基于迭代器构造提升优先级队列

Question

I have a list of binomial_heaps and each iteration of the algorithm I have to update the priority of an element in some of the binomial_heaps. For this I use the update function of the boost binomial_heap . However one of the binomial_heaps I have to remove and rebuild completely (as all priorities change). Instead of using push every time (which if I understand correctly would have a complexity of n*log(n)) I would like to construct it based on iterators of an underlying container (a kind of heapify or make_heap operation which would be linear time). This seems possible in the standard priority_queue , but not in the boost implementation. On the other hand the standard one does not provide me with an update function. Is there a way around this where I can have both, or another library that supports both. Or maybe my reasoning, that pushing all elements on an empty priority queue is slower, is not correct?

Some might say there is something seriously wrong with the fact that I need to rebuild an entire priority queue which would make the use of the priority queue completely superfluous. The algorithm I want to implement is "Finding community structure in very large networks by Aaron Clauset" in which the authors do exactly that (unless I didn't interpret it correctly)

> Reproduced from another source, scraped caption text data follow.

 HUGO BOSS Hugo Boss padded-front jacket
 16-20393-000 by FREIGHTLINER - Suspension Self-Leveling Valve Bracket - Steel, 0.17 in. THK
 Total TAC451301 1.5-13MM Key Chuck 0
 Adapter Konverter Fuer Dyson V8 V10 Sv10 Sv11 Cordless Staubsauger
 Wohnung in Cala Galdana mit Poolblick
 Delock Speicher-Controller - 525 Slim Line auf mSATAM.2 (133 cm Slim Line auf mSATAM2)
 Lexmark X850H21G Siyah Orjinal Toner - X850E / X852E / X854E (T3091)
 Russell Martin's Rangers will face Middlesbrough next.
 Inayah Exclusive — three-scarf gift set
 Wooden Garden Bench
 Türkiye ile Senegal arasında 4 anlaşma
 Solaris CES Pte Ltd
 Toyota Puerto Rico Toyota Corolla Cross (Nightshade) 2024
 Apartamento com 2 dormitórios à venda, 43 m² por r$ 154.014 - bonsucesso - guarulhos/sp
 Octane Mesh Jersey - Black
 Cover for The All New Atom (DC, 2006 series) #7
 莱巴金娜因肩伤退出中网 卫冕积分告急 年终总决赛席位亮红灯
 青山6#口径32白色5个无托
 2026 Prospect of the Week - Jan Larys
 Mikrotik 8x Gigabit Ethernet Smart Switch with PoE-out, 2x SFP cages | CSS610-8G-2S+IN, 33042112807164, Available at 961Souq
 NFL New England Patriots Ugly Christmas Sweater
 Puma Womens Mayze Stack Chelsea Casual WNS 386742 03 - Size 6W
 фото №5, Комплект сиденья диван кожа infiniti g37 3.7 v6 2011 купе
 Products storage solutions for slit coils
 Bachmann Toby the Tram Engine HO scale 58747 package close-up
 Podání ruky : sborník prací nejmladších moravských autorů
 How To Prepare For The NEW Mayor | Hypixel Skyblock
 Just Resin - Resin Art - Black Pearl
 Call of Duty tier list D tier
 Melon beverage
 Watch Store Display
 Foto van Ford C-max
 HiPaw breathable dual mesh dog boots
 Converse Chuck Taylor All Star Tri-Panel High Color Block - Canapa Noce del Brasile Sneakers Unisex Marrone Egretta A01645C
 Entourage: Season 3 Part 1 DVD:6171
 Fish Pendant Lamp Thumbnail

(Sorry couldn't post the link to the paper as I don't have enough reputation to post more than 2 links)

Answer 1

The "fast modularity" algorithm by Clauset et al. ( paper here , code here ) uses a pair of linked data structures. On the one hand, you have a sparse matrix data structure (which is really just an adjacency list in which instead of storing the elements hanging off a particular array element as a linked list, we store them using a balanced binary tree data structure), and a max-heap. All the values in the sparse matrix (which are really the dQ_ij values for the potential merges in the algorithm) are also stored in the max-heap.

So, the max-heap is just an efficient way of finding the edge in the sparse matrix with the most positive value. Once you have the ij pair for that edge, you want to "insert" the elements of column (row) i into the elements of column (row) j, and then you want to delete column (row) i. So, you're not going to rebuild the entire max-heap after each pop from the max-heap. Instead, you want to delete some elements from it (the ones in the row/column that you delete from the sparse matrix) and update the values of others (the ones in the updated row/column for j).

This is where the linked data structure is helpful -- in the original implementation, each element in the sparse matrix stores a pointer to its corresponding entry in the max-heap so that if you update the value in the sparse matrix, you can then find the corresponding element in the max-heap and update its value. Once you do this, you need to re-heapify the updated heap element, by letting it move (recursively) up or down in the heap. Similarly, if you delete an element in the sparse matrix, you can find its entry in the heap and call a delete function on it.